To compound the economic and administrative problems, the national government party, APC has been playing politics over its election campaign promise to restructure governance to jumpstart the ailing economy and to reinvent the country’s federalism agreed upon by the founding fathers of the federation. Consequently, the country has been neck-deep in binge foreign loans, even as it sets aside over five per cent of the revenues to servicing the ever mounting internal and external loans.
A professor of public administration, Tunji Olaopa in his “Oronsaye Report: implementation and cost of governance challenge” cautioned the federal government against floppy implementation of the report. He contended thus: “We cannot underestimate the significance of the Oronsaye Report to the recuperation of Nigeria’s productivity dynamics. And it is getting this productivity matrix right that opens the gate for increased infrastructural development that will fundamentally transform the well-being of Nigeria.
“First, we all will concede that the report is concerned, and rightly too, with efficiency savings at the macro-institutional level (though outside of the administrative dynamics of the core ministries and their relevance to the success of the productivity battle). This it did by focusing on eliminating redundant and duplicated agencies’ functions through consolidation and/or merger…to check many years of administrative inefficiency…jumpstarting the rapid economic growth…to facilitate developmental dynamics.

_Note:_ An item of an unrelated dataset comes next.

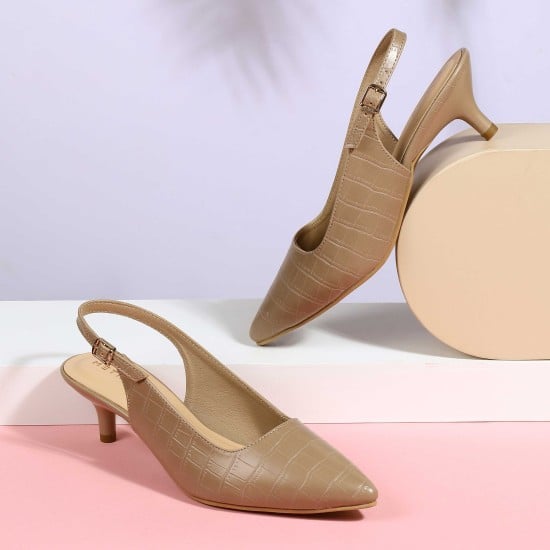 Women Beige Formal Sandals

In the final analysis, the Oronsaye Committee report is at best a first level palliative solution to the deep-rooted cost of governance crises that bedevils Nigeria…the Oronsaye Report is limited to targeting overhead cost and payroll saving to facilitate a no-job-loss-palliative”, adding that “…the Oronsaye Report is a solid and perspicacious first step on the way to an efficient unraveling of the cost of governance predicament Nigeria has been battling with since independence and the bravery of Buhari administration should be acknowledged for deciding to go through with this first step in cleansing the Augean stable of an inefficient government business mechanism that has consistently failed to meet up with Nigeria’s productivity challenge”.
No matter the overwhelming benefits of implementing the lofty reform, if there is no restructuring of governance to reinvent the principles of federalism, it becomes a barren exercise. Noting the overriding importance of the seamless implementation of the report, Olaopa continued: “The grand objective of the federal government is to achieve a productivity paradigm shift that is founded on transforming the business model of government business dynamics through a modernising reform project that essentially undermines wastages, redundancies and leakages. This requires a massive shakeup of the bureaucratic model of the MDAs in such a way that demands a productivity audit that will sharpen the focus of ministries and other governmental structures on the achievement of key governmental goals and priorities”.
The reform had triggered smoldering discontent among the organised labour fearing that job losses inevitably goes with such fundamental changes in the structure of the public bureaucracy.
Discountenancing the fears the Minister of Labour and Employment, Senator Chris Ngige, had described the boisterous stance of the organised labour as needless, saying that the Buhari administration is conscious of the prevailing privations in the public sector employees as the reform would not lead to job losses. He said: “First and foremost, we are not using the Orosanya’s report hook, line and sinker”.